No one said this would be easy. John the Baptist didn’t say to Jesus, 
“Come over here for a minute. This’ll only
take a moment and won’t disturb you in the least.” John didn’t take out 
an ad in “The Jerusalem Post”, or “Haaretz”, or “Al Quds”, telling folk, 
“If you have a spare hour come on down to the River. That’s all it’ll 
take to find happiness.” The problem with John was that he put just 
about everything up front, and, as Henri Matisse concluded, it’s not 
just a matter of having or being given a vision, great as that is. 
“Creativity,” reminded Matisse, “takes courage.”
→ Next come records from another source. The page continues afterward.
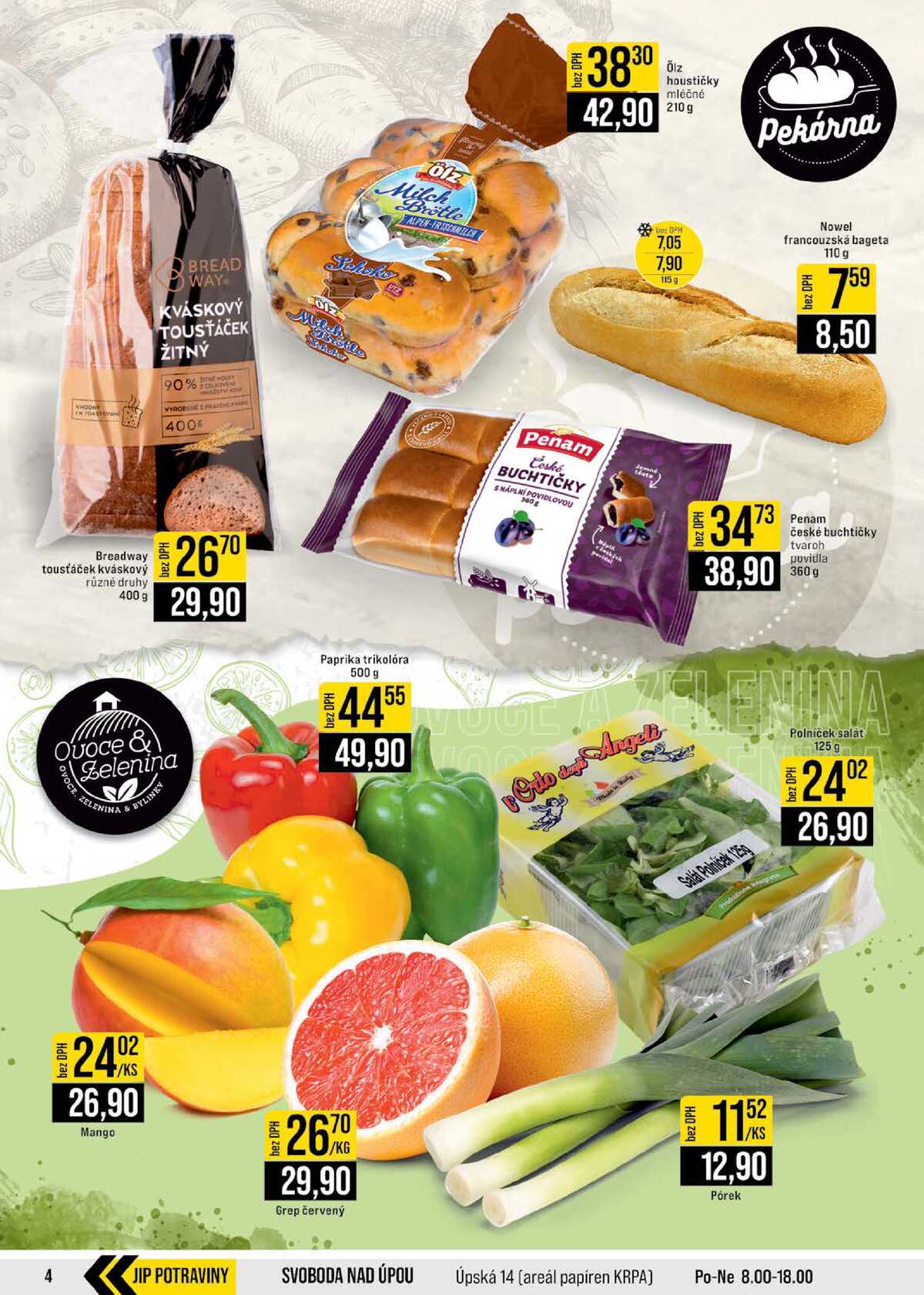 JIP Cash & Carry České Budějovice, Most, Náchod, Polička, Sušice a Svoboda nad Úpou od 28.1. do 3.2.2026 strana 4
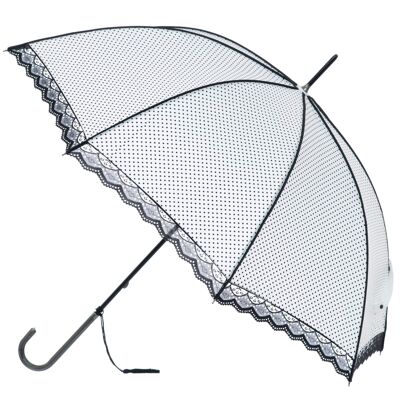 Paraguas clásico de encaje en blanco de Soake - BCSLWH1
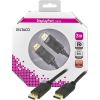 DisplayPort-kabel, DP 1.2, 4K@60Hz, Deltaco Prime, 3 meter - Svart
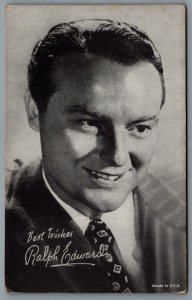 Arcade Card c1940s Ralph Edwards Radio and Television Host & Producer Game Shows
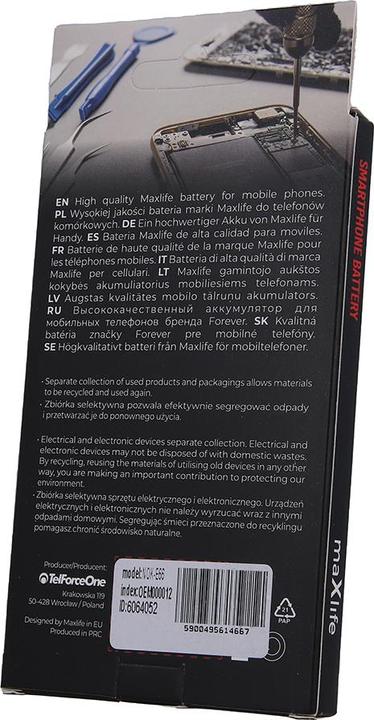 Immagine prodotto Maxlife batteria per Nokia E66 / E75 / C5 / 3120 / BL-4U 1000mAh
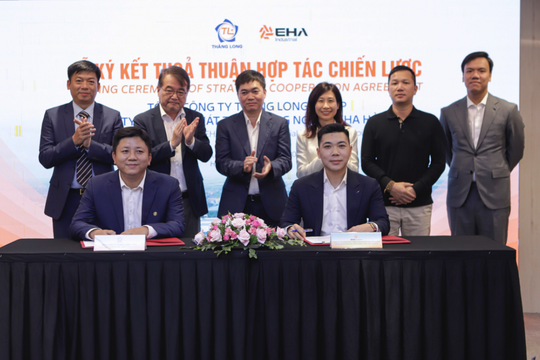 Tổng công ty Thăng Long và EHA Industrial ký kết hợp tác chiến lược, bắt tay phát triển hệ sinh thái hạ tầng khu công nghiệp xanh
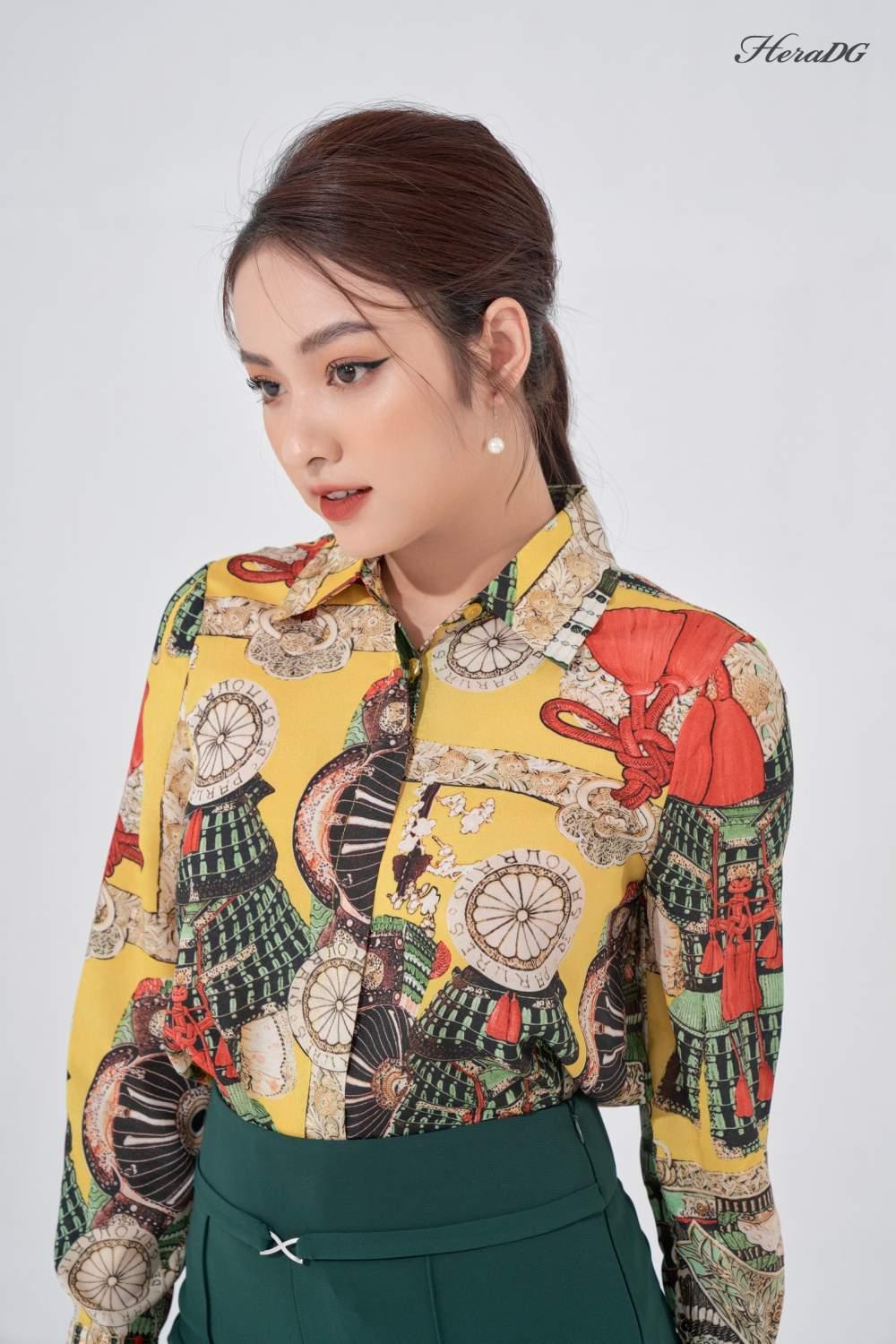 Áo sơ mi lụa cát cổ đức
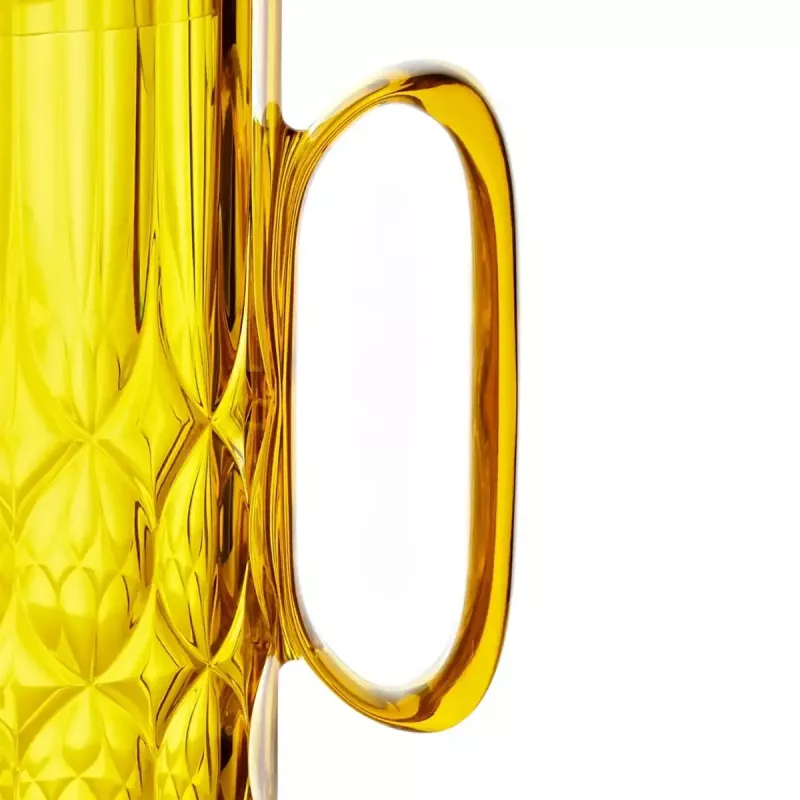Jarra Guzzini VANITY con tapa, amarillo azafrán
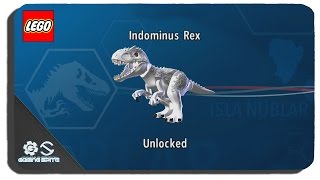 Lego Jurassic World  How To Unlock Indominus Rex Dinosaur Character Location [upl. by Assir370]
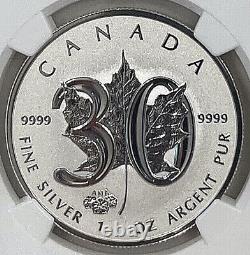 2018 Canada $5 Maple Leaf Reverse-Proof 30th Anniversary ANA Privy NGC PF70 ER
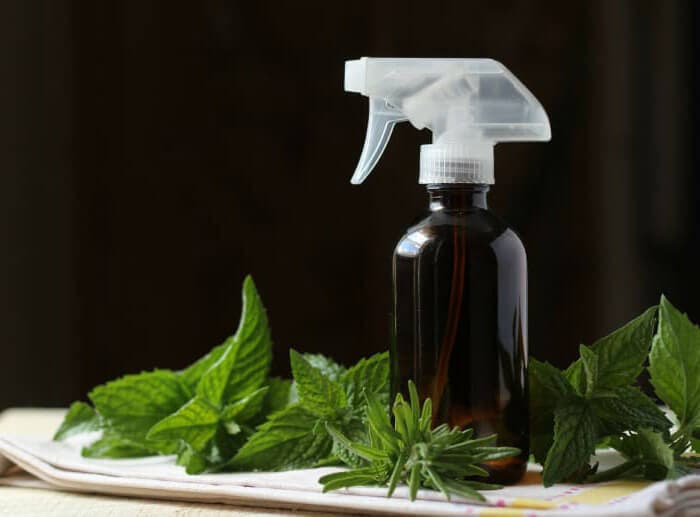Spray desodorisant aromatise de menthe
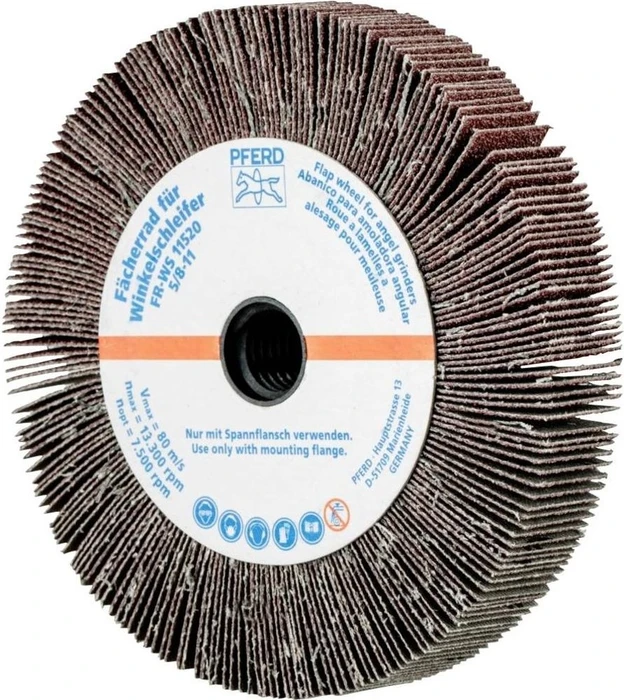 Pferd FR WS 11520 5/8-11 A 60 Lamellenschleifwalze K60, 115x20mm, 2 Stück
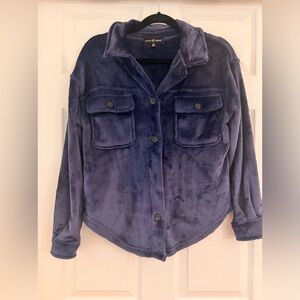 Navy blue cozy fuzzy shirt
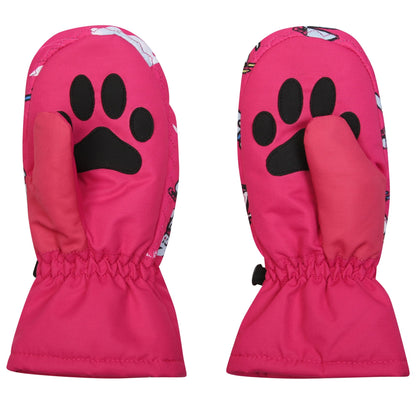 Pure Pink-Arctic Pink - Back - Dare 2B Childrens-Kids Snowplay Mittens
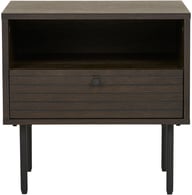 Pikkukuva: House Nordic Kyoto sivupöytä 50x40x50, smoked tammiviilu / mustat jalat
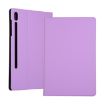 Purple Leather Case for Galaxy Tab S6 T860 with Holder & Elastic Texture - 1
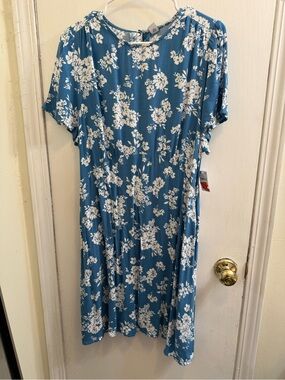 Old Navy Blue & White Floral Dress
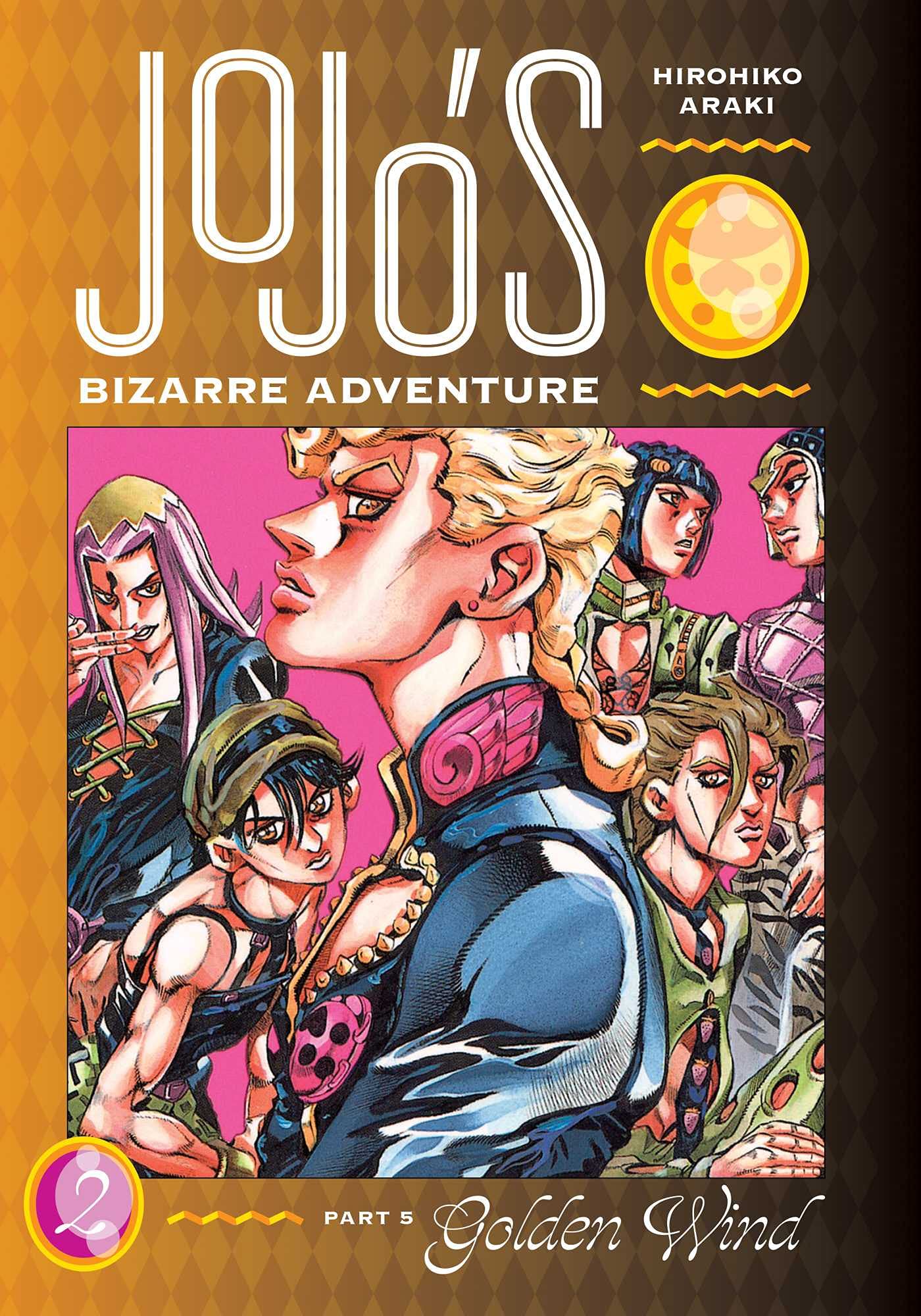 JoJo&#039;s Bizarre Adventure: Part 5 - Golden Wind - Volume 2 
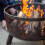 La Hacienda Wildfire Steel Firepit-Bronze Effect Outdoor Heating, Black 3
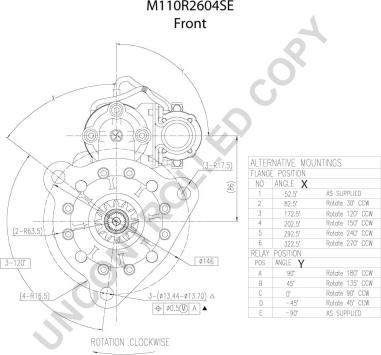 Prestolite Electric M110R2604SE - Стартер vvparts.bg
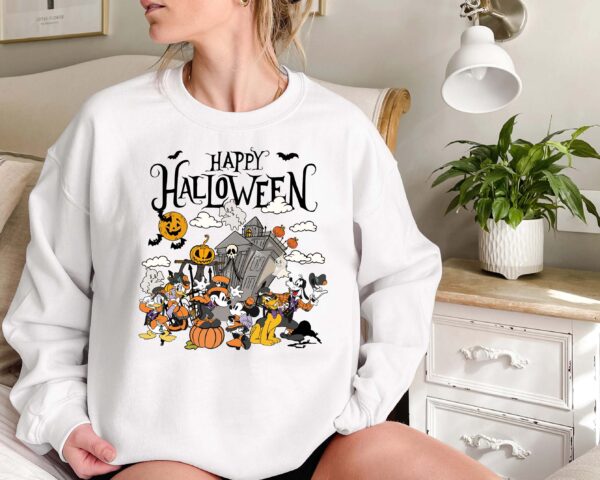 Vintage Disney Halloween Shirt Happy 2024 Sweatshirt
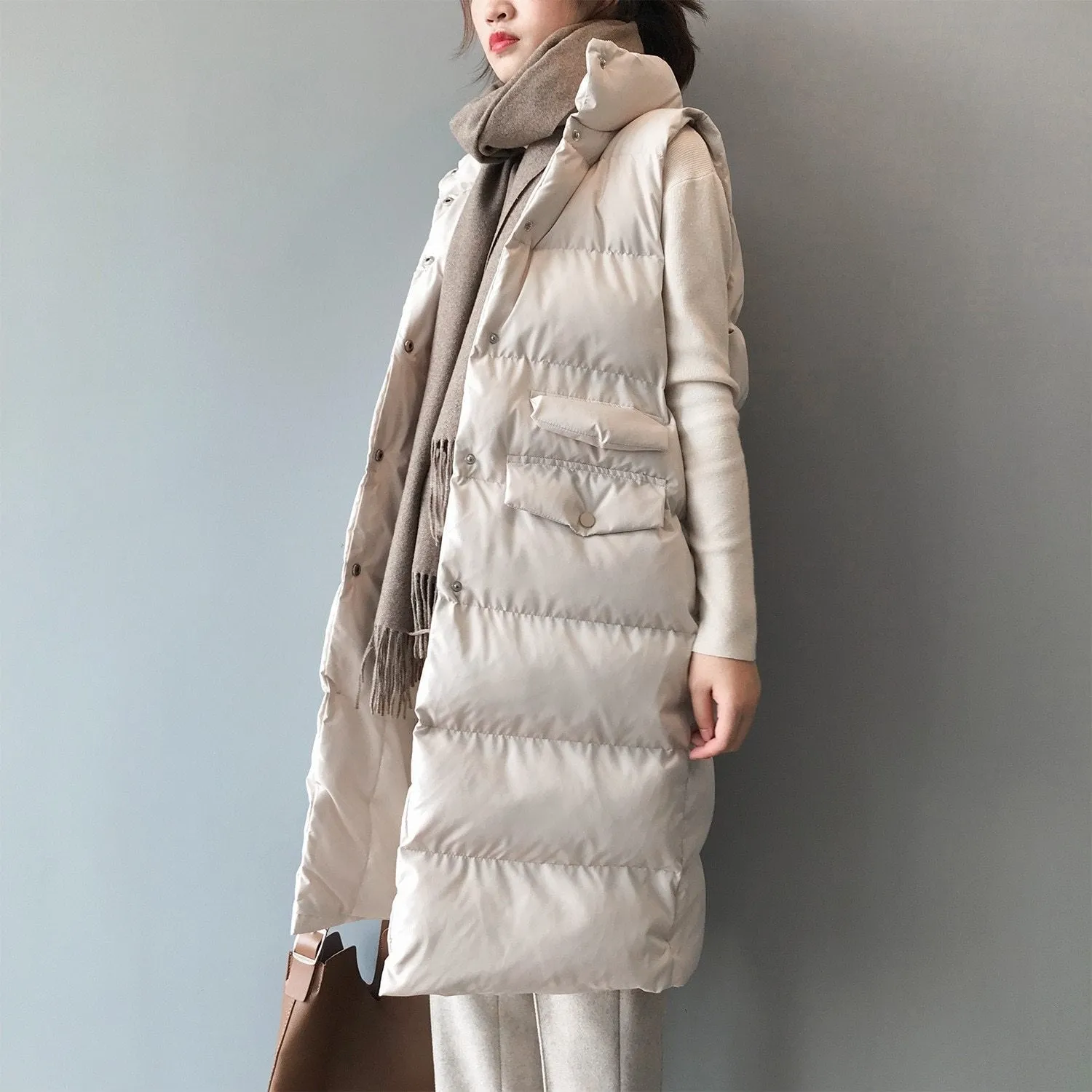 Sleeveless Puffer Jacket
	As we reaffirm our membership in God’s family, as we renew our 
baptismal vows, then, think about that. Think about Jesus’ total 
identification and presence with us. Think about the gift not only of 
renewal but of power, that we may accomplish more than we can even dream 
is possible – by virtue of all that God offers us. It’s up to us to 
accept and unpack this gift, then.


NOTES:

1 	Artist to Artist : Inspiration and Advice from Visual Artists Past & 
Present (1998), p. 62 See http://en.wikiquote.org/wiki/Henri_Matisse

2	King Duncan, Collected Sermons,   www.Sermons.com


Robert P Morrison
Interim Vicar
The Episcopal Church of St Alban
PO Box 1556
Albany OR  97321   541-921-1076 (cell)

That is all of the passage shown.